Let’s face it: no one does faux outrage better than the Daily Mail. The paper and its readers get outraged so often over so little that I wonder whether they have any energy or time left to get on with their own lives, rather than interfering in everyone else’s. Their latest rant is over Sandi Toksvig’s use of the ’most offensive word in English language’. The Mail took aim at one of its favourite ‘liberal-lefty’ tagets and blasted:
“The BBC was at the centre of a new decency row last night after ruling that the most offensive word in English is acceptable for broadcast. The Corporation decided that the word – most abhorrent to women – has lost much of its ‘shock value’ and is tolerable for radio and television.”
Now that sounds a little unlike Ms Toksvig’s usual language. So why did she utter that nasty ‘c’ word? Well of course she didn’t. In an edition of the News Quiz last Octover, the presenter used a scripted joke, saying:
“It’s the Tories who have put the “n” into cuts”
The audience laughed. If I was listening to the Saturday repeat, which I usually do, I would have laughed. My 14 year old daughter often listens to the show and she would also have laughed and I would have felt no parental embarrassment in her understanding the humour. It was a joke; an amusement. No rude words were actually used. No maiden aunts or small children were harmed in this scriptwriter’s artifice.
But that didn’t stop a complaintbeing made by an offended listener. The complaint has been rejected by the BBC and the BBC Trust have refused to take the issue further. Good for them – I am surprised, but pleased by their robust response.
I am not sure why the listener was so offended.
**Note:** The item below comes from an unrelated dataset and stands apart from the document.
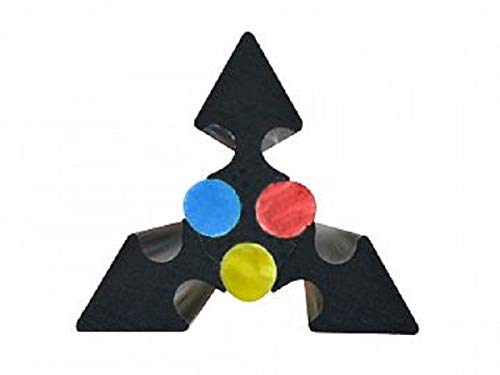 Faithfull Prestige Tri-Scale Engineer Rule Black Aluminium 300mm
It is one thing to actually use a rude word and another to imply it in a way that requires an adult mind to understand it. If the ‘c word’ had been used on daytime broadcasting, then I might have been a little disappointed myself. But it wasn’t. There was an indirect reference made to the word, which was mildly humorous. The complainant, Colin Harrow a retired managing editor of Mirrot Group Newspapers, said
“‘Of course they used a veil, but it was a pretty thin veil. They might as well have just said it.”
Well it wasn’t a veil, A veil is used to disguise of hide an item. In this case the item wasn’t there, no matter how hard you looked. I can point at a rusty nail and talk about gold, but that doesn’t make me an alchemist.
And whilst I’m on the subject, I’d like to argue that the word in question is not the ‘most offensive word in the English language’. There are several that I find more offensive, which are usually used to describe non-white people or LGBT people. But those are word I suspect are more likely to be in the lexicon of some of the apparently easily offended Mail readers. And if the word in question is ‘most abhorrent to women’, why was a man the only complainant?
Or maybe, as we approach the millennium of King Cnut’s capture of the English throne, Ms Toksvig was simply making an oblique reference to the Conservatives failing to turn the tide?